▶ EXERCISE PROMPT
From the entries below, please output exactly the lines starting at the one containing "Young Caucasian woman" and ending at the one containing "Finished stained wood", both included.

▶ DATASET EXCERPTS
^^^^^^^^
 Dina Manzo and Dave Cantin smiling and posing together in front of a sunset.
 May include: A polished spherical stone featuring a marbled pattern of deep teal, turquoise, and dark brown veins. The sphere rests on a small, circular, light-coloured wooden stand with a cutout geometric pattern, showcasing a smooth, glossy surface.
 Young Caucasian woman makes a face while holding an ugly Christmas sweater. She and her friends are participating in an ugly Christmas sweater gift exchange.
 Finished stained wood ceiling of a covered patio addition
^^^^^^^^
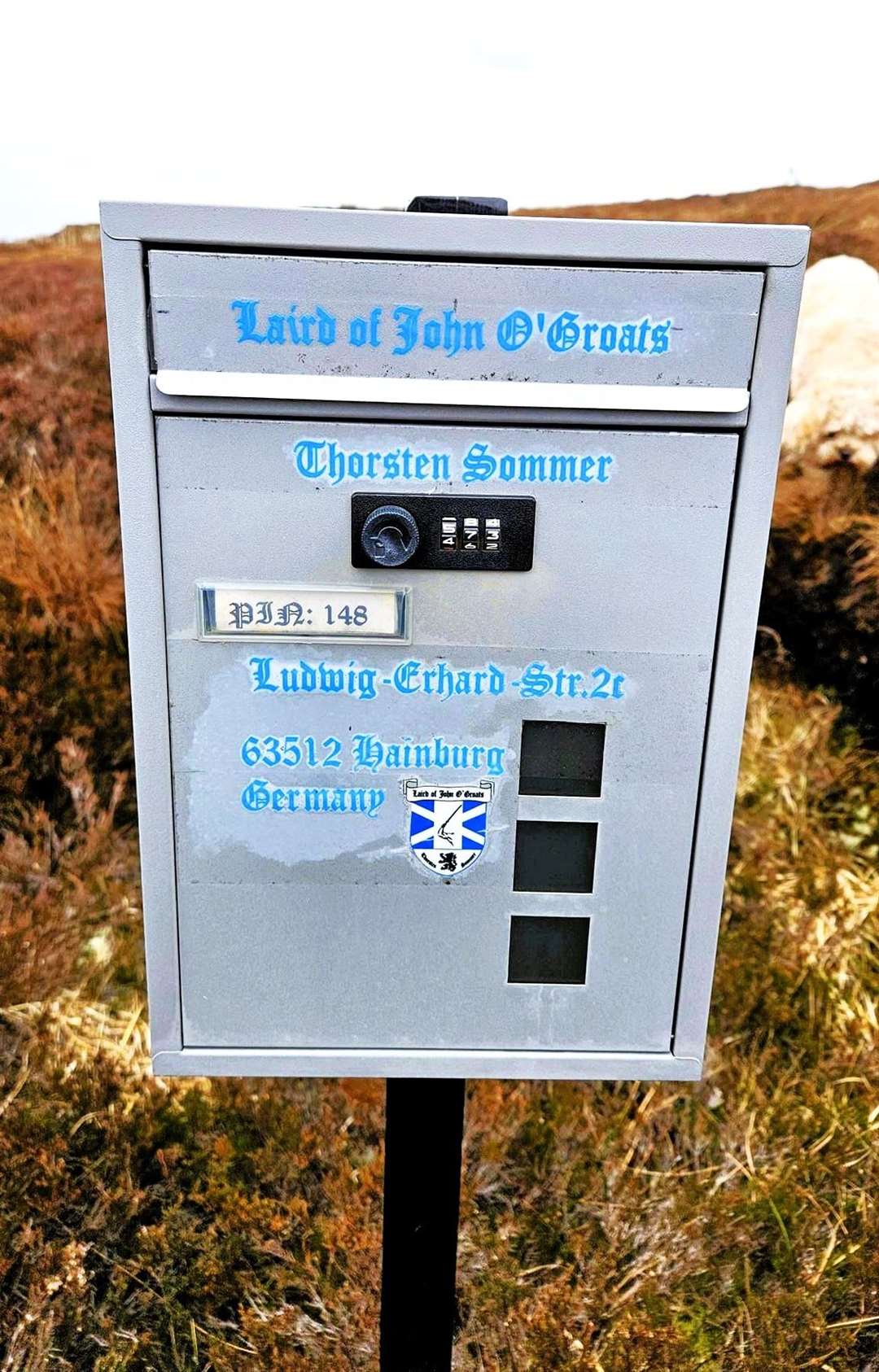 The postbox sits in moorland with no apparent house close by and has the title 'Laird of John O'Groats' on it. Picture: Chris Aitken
^^^^^^^^
▶ WRITTEN SOLUTION
 Young Caucasian woman makes a face while holding an ugly Christmas sweater. She and her friends are participating in an ugly Christmas sweater gift exchange.
 Finished stained wood ceiling of a covered patio addition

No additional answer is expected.